These are the issues that dominate CNN, Fox, MSNBC and the other networks. They study the polls as if they are the entrails of democracy—dead sheep or chickens lying disembowelled on a marble slab. Analysts and pollsters go over the data, wondering whether the issue is really Hillary Clinton’s health and Trump’s racism or just Putin. They do not turn their gaze to other political issues that burn up U.S. society. There has been little serious debate about police violence and the prevalence of guns in U.S. society. While the media are obsessed with the Hillary Clinton-Trump match-up, Tyre King, a 13-year-old African-American boy, was shot to death by police officers. King was holding a toy gun when he was killed. The Mayor of Columbus, Ohio, where King was killed, said: “There is something wrong in this country, and it is bringing its epidemic to our city streets. And a 13-year-old is dead because of our obsession with guns and violence.” This cultural problem should be front and centre in the debate, but it languishes on the side. Trump is wedded to the National Rifle Association’s membership, while Hillary Clinton straddles the gap between the Movement for Black Lives and the police unions. Neither is willing to fight the gun lobby and to propose a plan to bring social welfare into areas torn up by the meanness of unemployment and police brutality.

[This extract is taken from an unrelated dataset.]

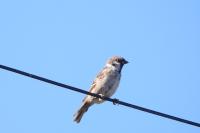 Passer montanus
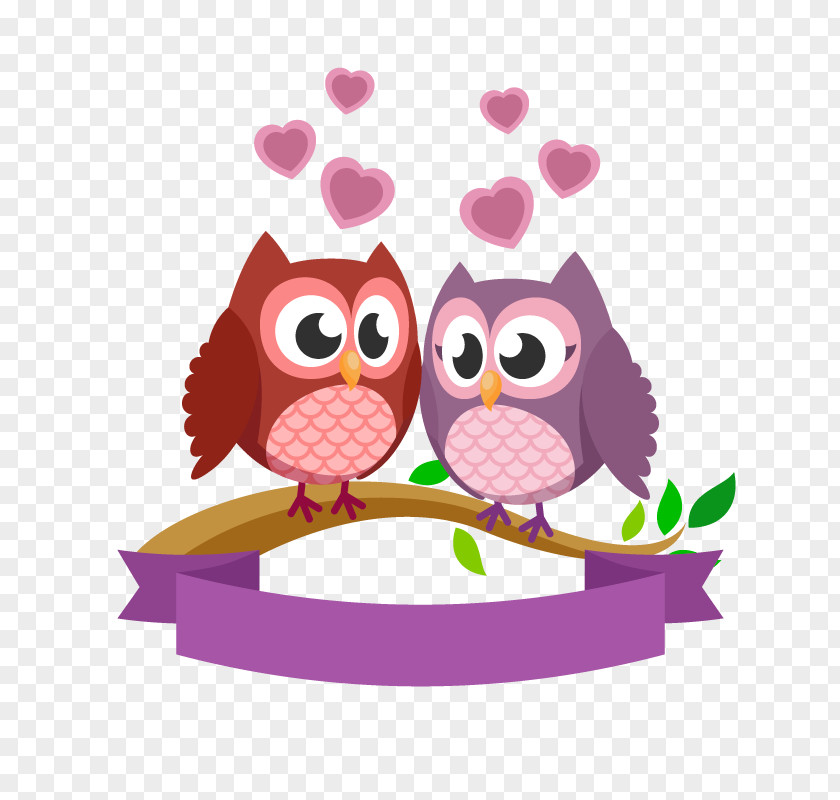 Owl Cartoon Bird Clip Art PNG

There has been little serious consideration of the endless wars that have not only brought instability to the world but have brought suffering inside the U.S. Neither Hillary Clinton nor Trump has a military background, and yet both masquerade as military people with belligerent foreign policies and a muscular attitude towards military service (a euphemism for war). But neither of the candidates has talked about the nearly 20 U.S. military veterans who commit suicide a day. In 2014, as many as 7,400 veterans killed themselves. That is twice the number of people who died on 9/11. There is little care that Afghanistan, Iraq, Libya, Somalia and Yemen remain in conditions of great distress, with over a million people killed as U.S. military power whips its way from one end of Asia to the other end of Africa.

There is no endpoint to this war. It should have been at the centre of this presidential election. “Benghazi”, in this election, refers to Hillary Clinton’s lack of trustworthiness and not to Libya’s wrecked second city. There has been almost no discussion about the great suffering of millions of Americans, almost 50 million of whom live in poverty and tens of millions of whom suffer from acute hunger. Scare public resources continue to go towards the military-industrial complex. Recently, Obama signed a deal to provide Israel with $38 billion in military assistance. That is about $300 from each U.S. taxpayer. The bill for the Global War on Terror has now crept up to $4.4 trillion, a sum that is beyond comprehension. It is a habit of this system to put money into the police and into war rather than into easing the suffering of its own population.

In November, Americans will enter the polling booths. They will vote out of fear of the candidate they dislike. Significant issues that are before American society will not be on the table. No one is going to seriously entertain the questions that bother ordinary Americans who sit with their chequebooks at the kitchen table and wonder about job security, children’s education, prices of essential commodities, the vacations they cannot take and their dreams of a better life. Only shadows of these concerns will enter the stump speeches of the presidential candidates. Trust in the political process is naturally at a low point. Hands will rush to drop the ballots into the boxes, but this haste should not be mistaken for enthusiasm. It is a sign of frustration.